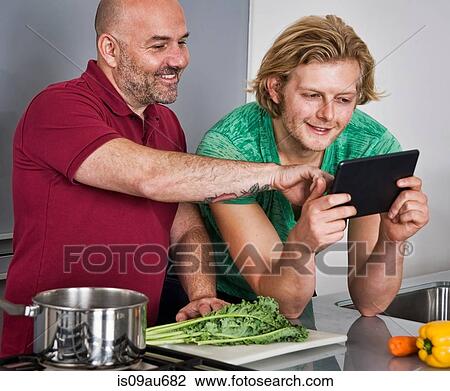 Male couple using digital tablet whilst preparing food in kitchen View Large Photo Image Stock Image - Male couple using digital tablet whilst preparing food in kitchen. Fotosearch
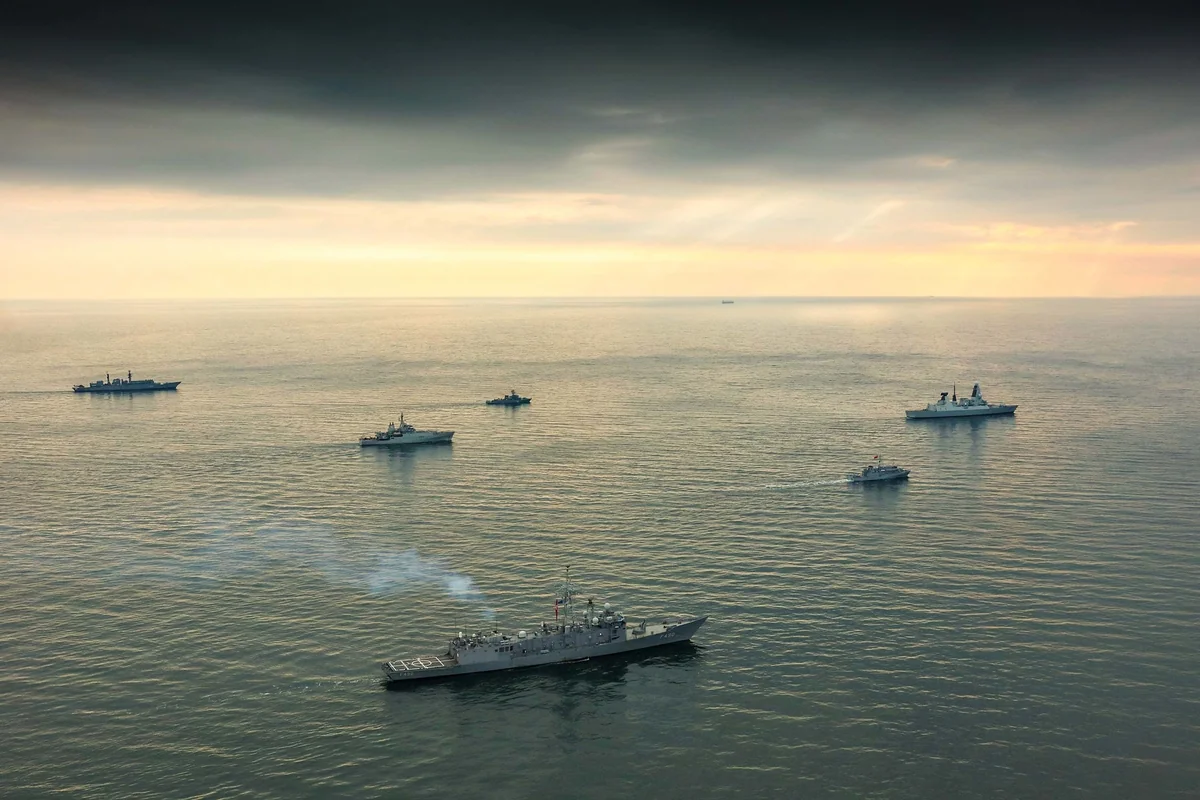 Six warships from Standing NATO Maritime Group Two and mine countermeasures group sailing in formation on a calm Black Sea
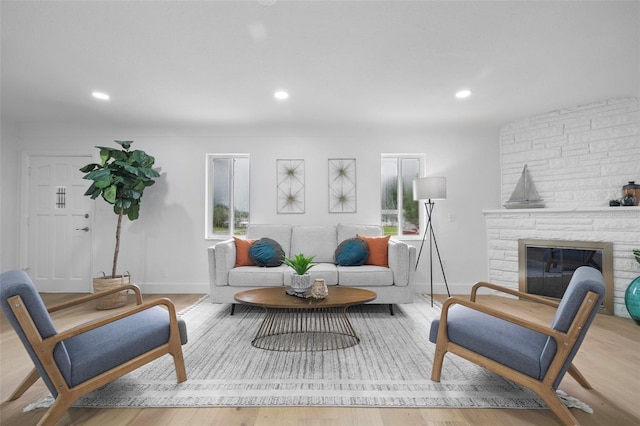 4753 58th St N, Kenneth City, FL 33709 - living area featuring light wood-style floors, recessed lighting, and a stone fireplace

_Work required_. A word-for-word copy is required of the lines above from the line with "Six warships from" through the last line of the data; no other lines and no pictures belong in it.

_Response to the exercise_.
 Six warships from Standing NATO Maritime Group Two and mine countermeasures group sailing in formation on a calm Black Sea
 4753 58th St N, Kenneth City, FL 33709 - living area featuring light wood-style floors, recessed lighting, and a stone fireplace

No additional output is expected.